A Metra commuter train sits off the tracks after derailing Saturday in Chicago. 
 (Associated Press / The Spokesman-Review)
A Metra commuter train sits off the tracks after derailing Saturday in Chicago. (Associated Press / The Spokesman-Review)
Mike Collas Associated Press

CHICAGO – A commuter train was going almost 60 mph above the speed limit just before it derailed, killing two people and injuring dozens of others, the acting chairman of the National Transportation Safety Board said Sunday.

Mark Rosenker said the Metra train was traveling at 69 mph and should not have been going faster than 10 mph when it switched tracks at a crossover just before jumping the tracks Saturday.

The speed information came from a preliminary reading of one of the train’s three electronic data recorders, Rosenker said.

Investigators conducted a three-hour interview Sunday with the train’s engineer. The 41-year-old man had been on the job for 45 days after completing Metra’s six-month training, which included at least some training along the route where the derailment occurred. He also had worked for more than five years as a CSX Corp. freight train engineer.

The double-decker commuter train was headed into Chicago from Joliet on Saturday morning with 185 passengers and four crew members when its locomotive and five rail cars jumped the tracks about 5 miles south of downtown.

The train began to derail as it switched tracks, striking a steel bridge just beyond the crossover.
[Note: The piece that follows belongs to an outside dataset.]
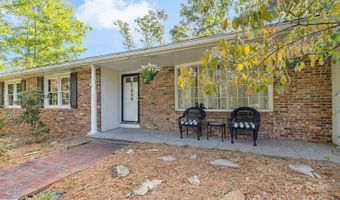 1 Glen Cove Rd, Arden, NC 28704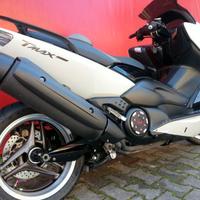 Pirelli STOP TMAX 500 2012 faro posteriore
Rosenker said that collision damaged at least one rail car and likely contributed to at least one of the fatalities.

Transportation officials also determined Sunday that train signals were working, meaning the engineer should have known he was approaching a crossover and should have had time to slow the train upon seeing the signals, even if he was traveling 69 mph, Rosenker said.

Extensive damage to the train’s undercarriage has prevented investigators from examining its brakes, but it appears the brakes engaged as the train was switching tracks. It was unclear if the engineer applied the brakes or if they engaged automatically, Rosenker said.
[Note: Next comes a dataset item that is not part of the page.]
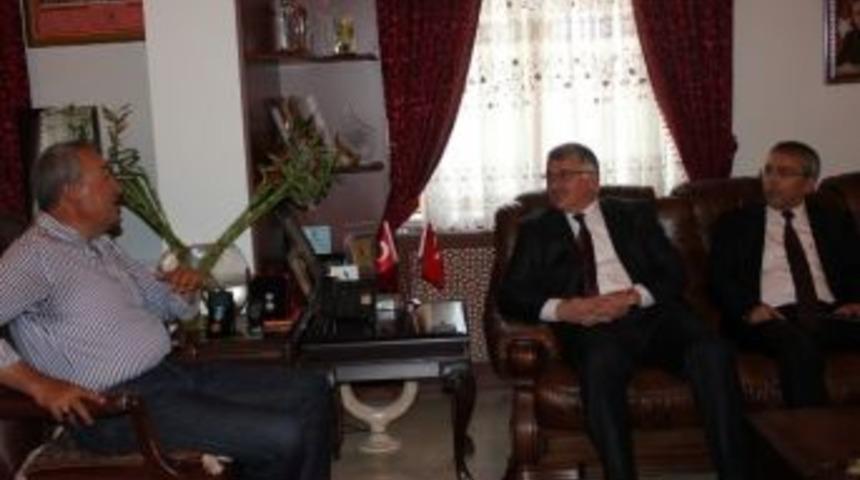 Sivil Havacılık Genel M&uuml;d&uuml;r&uuml; Ekşi, Belediye Başkanı &Uuml;nver&rsquo;i Ziyaret Etti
The train engineer, three crew members and dispatchers were all tested for drugs and alcohol, which is standard procedure, Pardonnet said.

The NTSB planned today to examine radio transmissions from a control tower and interview a dispatcher and trainee who were working in the tower at the time of the accident.

The train’s engineer is taking three days of paid leave for “trauma debriefing.” Pardonnet said no decisions have been made about his future employment.